How do we know if big data is big enough? As algorithms make more and more decisions from data, we also need these algorithms to assure us that the decisions were well-informed, i.e. that enough data went into them. The theory of homological sensor networks, a branch of topological data analysis, was originally created to test if a collection of sensors covers a domain of interest, but the same theory can test if a data set "covers" an underlying decision space. Homological methods can complement, extend, and even replace statistical methods to give confidence in the completeness of a data set. Because they are topological, they can give robust signatures or summaries of data that are invariant to a wide range of implicit or explicit transformations. This project aims to extend the theoretical and algorithmic foundations of the homological sensor networks to be applicable in data analysis. Broader impacts include strengthening connections between theoretical computer science (TCS) and applied algebraic topology, and widening the range of data analyses to which topological methods and tools apply.
The PI will train both undergraduate and graduate researchers by incorporating advanced concepts in combinatorial topology in undergraduate and graduate curricula. The PI will also educate the larger TCS and data analysis communities through expository videos and open source software.
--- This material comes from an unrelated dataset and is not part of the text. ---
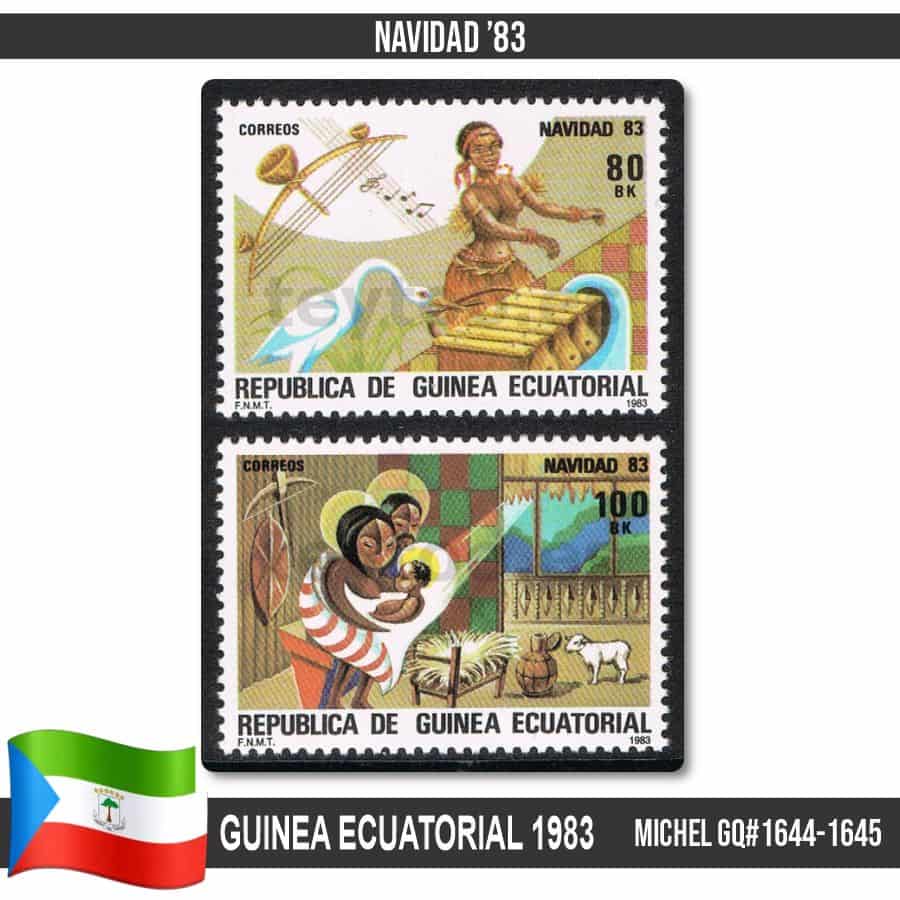 Equatorial Guinea 1983. Christmas (MNH) MI#1644-1645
The specific aim of the proposal is to extend guarantees on homological sensor networks to apply to non-smooth sets, k-coverage, and dynamic coverage. A second specific aim is to push these algorithmic results back into the theoretical foundations of the sampling theories that underlie data analysis problems, by extending the so-called Persistent Nerve Theorem and defining new classes of near-homeomorphisms to capture the realities of unknown transformations in data while still providing theoretical guarantees. The third specific aim is to develop algorithms that extract information from what was traditionally called "topological noise" as simple experiments reveal that although it doesn't carry topological information, it does carry useful geometric information that may be used for classification and inference.